The Palacete del Embarcadero in Santander, Spain hosts Cantabrian artist Okuda San Miguel in a solo exhibition titled Palace of the holy animals. The installations of large and small scale on public display inside and outside the port space are curated as an homage to the roots of artist. Okuda began as a graffiti artist in Santander, his hometown, and over the years his work has evolved into a new and unique style critics are calling Pop Surrealism.
The Madrid based artist moved there in 2000 to complete his Bachelors of Fine Arts from Complutense University of Madrid. But before he relocated to begin his studies his colorful art works were already scattered about Santander on abandoned buildings and factories as graffiti.
His first works combined geometric structures and multi-colored prints with gray bodies and organic forms in pieced together abstract fashion.
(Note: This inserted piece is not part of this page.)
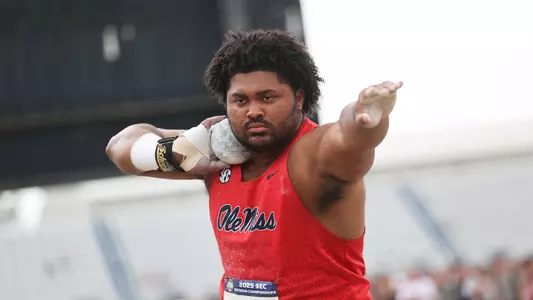 Robinson-O'Hagan, Tarik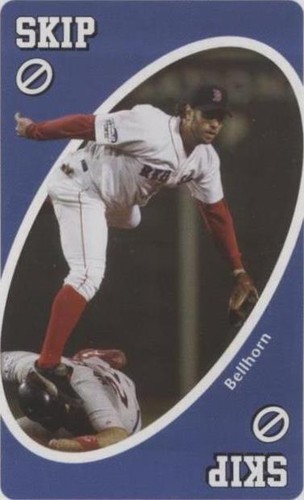 特別版UNO ボストン・レッドソックス スペシャルエディション Boston Red Sox Special Edition UNO in metal tin | eBay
The pure color and essence of animation in his work is reminiscent of the original urban street artists from the United States in the 1980s.
In his new solo exhibition, Palace of the holy animals, multicolored geometric architectures merge with organic forms including bodies without gender identity and animals without heads combined to create conflicting symbols that incite reflection and imply a deeper spiritual mean.
The works raise contradictions about existentialism, the universe, the infinite, the meaning of life, the false freedom of capitalism, and show a clear conflict between modernity and our roots; in short, between the human being and themselves.
The installation can be seen in the Palacete del Embarcadero of Santander now until January 7, 2018.